Your instructions ::
The entries below are to be written out exactly, with no images included.
Entries provided Start Marker
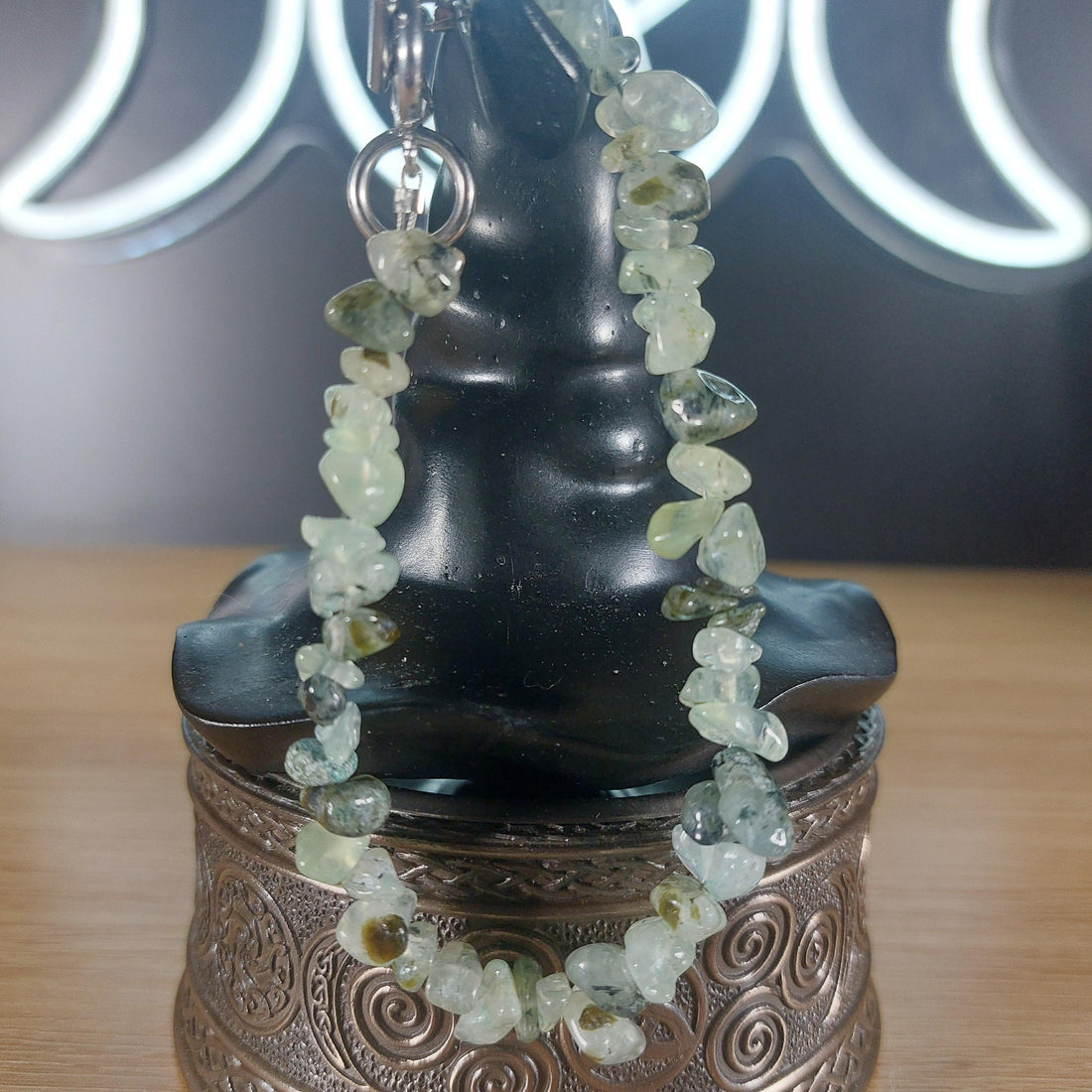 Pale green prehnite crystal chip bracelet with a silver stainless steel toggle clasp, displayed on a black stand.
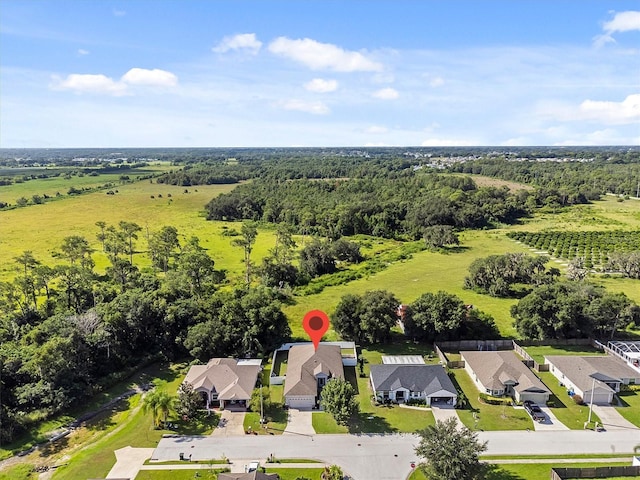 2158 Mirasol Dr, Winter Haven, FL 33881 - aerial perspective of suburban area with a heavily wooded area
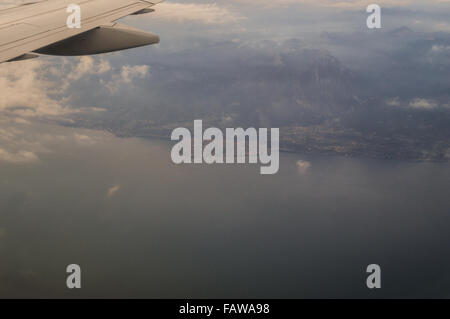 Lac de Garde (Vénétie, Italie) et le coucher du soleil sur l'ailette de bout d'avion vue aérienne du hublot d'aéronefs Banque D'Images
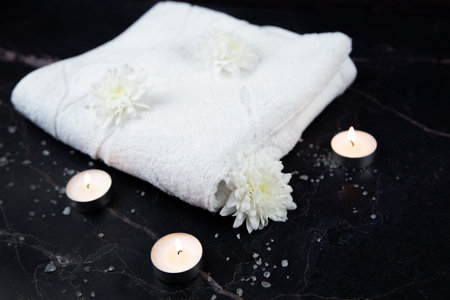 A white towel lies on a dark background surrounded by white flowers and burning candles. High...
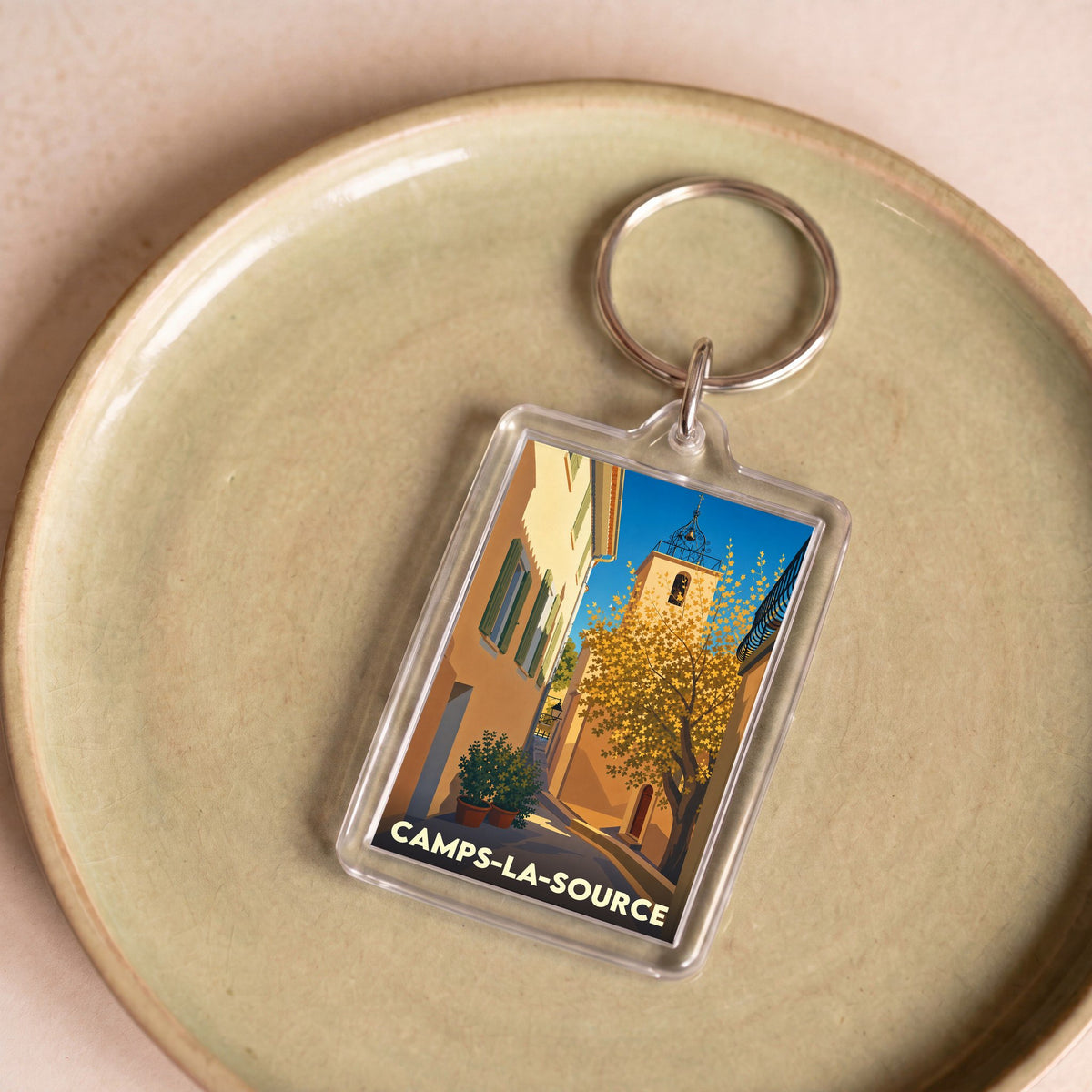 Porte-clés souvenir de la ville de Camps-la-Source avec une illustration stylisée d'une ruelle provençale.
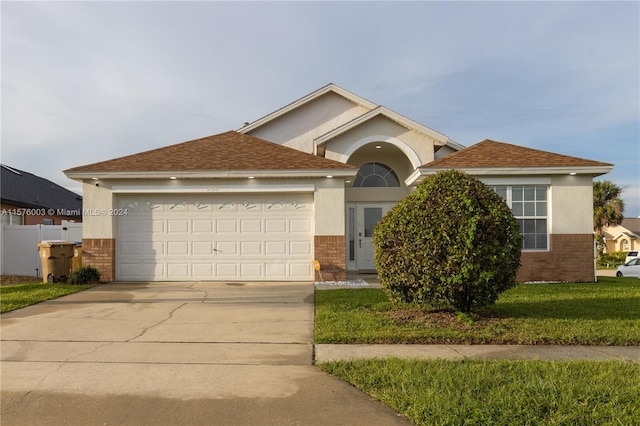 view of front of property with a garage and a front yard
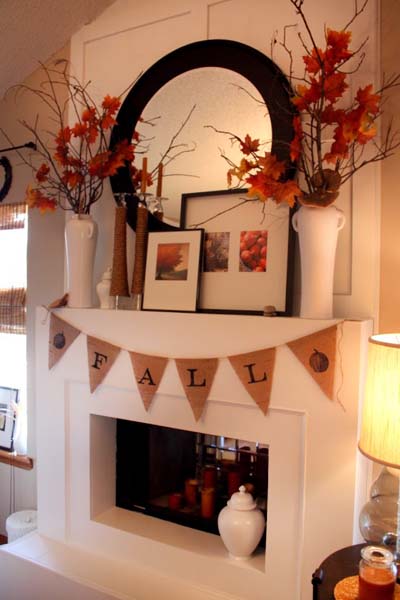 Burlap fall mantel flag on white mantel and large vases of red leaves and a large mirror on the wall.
Entries provided End Marker
Answer section ::
 Pale green prehnite crystal chip bracelet with a silver stainless steel toggle clasp, displayed on a black stand.
 2158 Mirasol Dr, Winter Haven, FL 33881 - aerial perspective of suburban area with a heavily wooded area
 Lac de Garde (Vénétie, Italie) et le coucher du soleil sur l'ailette de bout d'avion vue aérienne du hublot d'aéronefs Banque D'Images
 A white towel lies on a dark background surrounded by white flowers and burning candles. High...
 Porte-clés souvenir de la ville de Camps-la-Source avec une illustration stylisée d'une ruelle provençale.
 view of front of property with a garage and a front yard
 Burlap fall mantel flag on white mantel and large vases of red leaves and a large mirror on the wall.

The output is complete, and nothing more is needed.